Throughout the campaign, which included two mass meetings and a series of rolling stop-work protests, teachers won broad support from wide sections of the population. Central demands included a 30 percent pay rise over three years, no more than 20 students per class, and the establishment of permanent positions for those teachers on contracts who now comprise one-fifth of the total workforce. Yet the AEU-Labor deal delivers none of these demands. Instead, first-year and senior teachers receive a nominal pay increase that barely matches the official inflation rate, while everyone else will take a significant real wage cut. Amid escalating interest rates, house prices, rental rates, costs of groceries, transport, and many other necessities, teachers living standards—already substantially lower than those of most workers with comparable qualifications—will be driven down even further.
The impact of the agreement will soon be directly felt in classrooms throughout Victoria. Class sizes will remain unmanageable, and schools will continue to be understaffed. The agreement explicitly endorses the government's right-wing "productivity"-based education "Blueprint", in which underperforming schools will be further starved of funds, forced to close or amalgamate, and it introduces new classifications of teachers such as "executive class"—a means of smuggling in a form of performance pay. Ratification of the deal will serve to formally entrench this agenda, policed by the AEU.

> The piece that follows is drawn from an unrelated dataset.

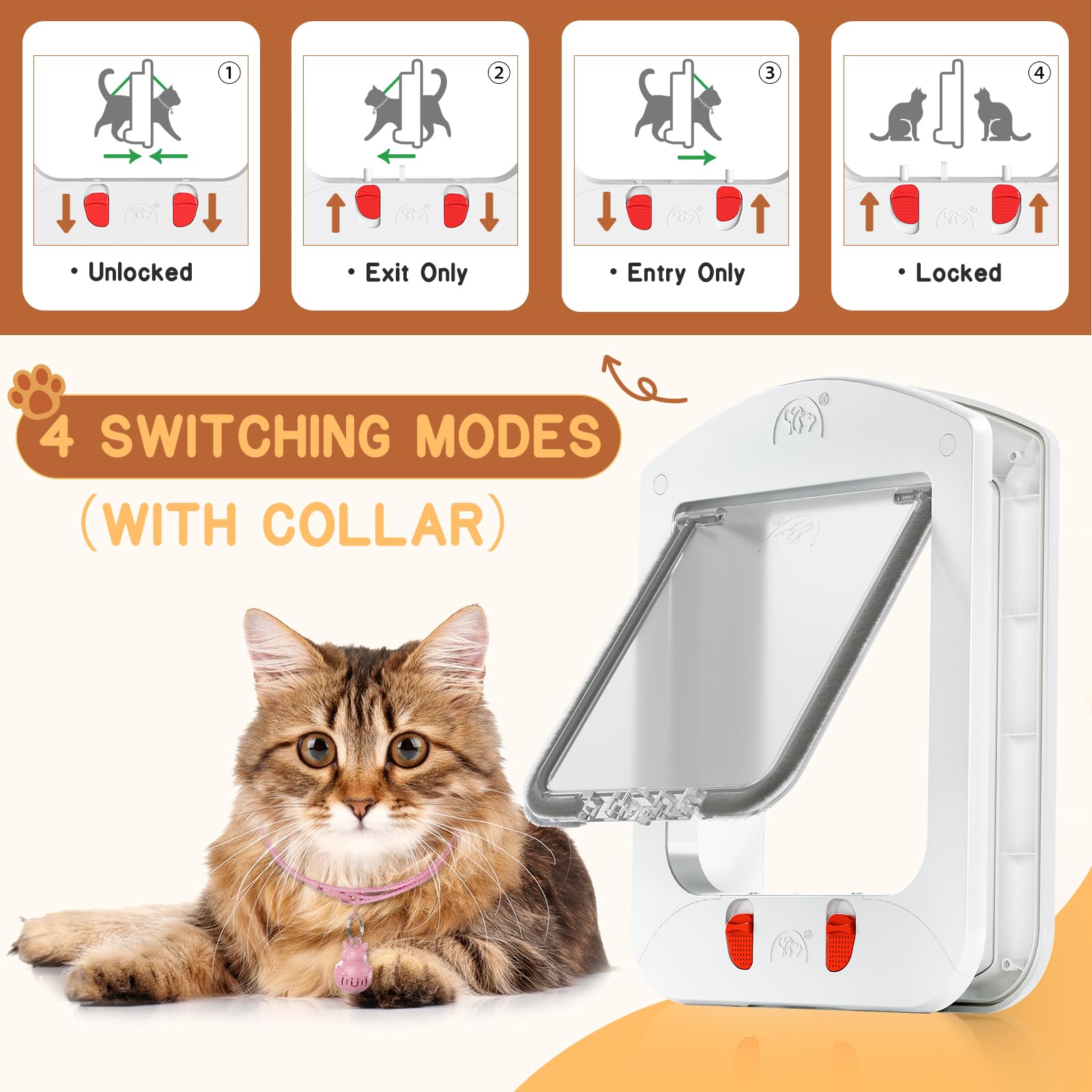 HIDROSIL Cat Door for Door with Magnetic Collar, Pet Door for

The AEU, the Labor Party, and the political tasks confronting teachers
A number of teachers who oppose the agreement have nevertheless said they intend to vote "yes" because they feel nothing better can be achieved given the AEU's refusal to mount a campaign against the government.
The union has stopped at nothing to cultivate this sentiment. That is why AEU Victorian President Mary Bluett publicly kissed Premier John Brumby in gratitude and hailed the agreement as the best achieved in 25 years. The state's teachers, she crowed, would now be the best paid in the country. These fraudulent claims—made more than a week before teachers were even permitted to read the agreement—were faithfully repeated by every section of the media, leading the public to believe that the teachers' central demands had been met. This outcome was no "misunderstanding", but rather a deliberate attempt by Bluett and her colleagues to present teachers with a fait accompli. The agreement cannot now be rejected, the union has repeatedly claimed, because a "no" vote would appear greedy and cost teachers the support won throughout their industrial campaign.

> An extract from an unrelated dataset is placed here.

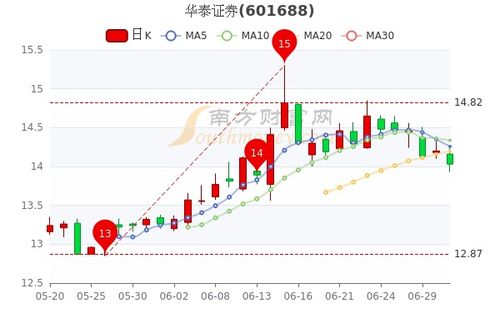 华泰证券怎么看7日均线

The AEU leadership has also threatened that the Brumby government would respond to any rejection of the agreement by invoking the former Howard government's WorkChoices legislation, as it did with the state's nurses—halting negotiations, making illegal any further industrial action, and instructing the arbitration courts to determine the outcome. This would lead, the AEU insists, to the courts imposing a significantly worse settlement. The only realistic and rational course of action, therefore, is to endorse the agreement.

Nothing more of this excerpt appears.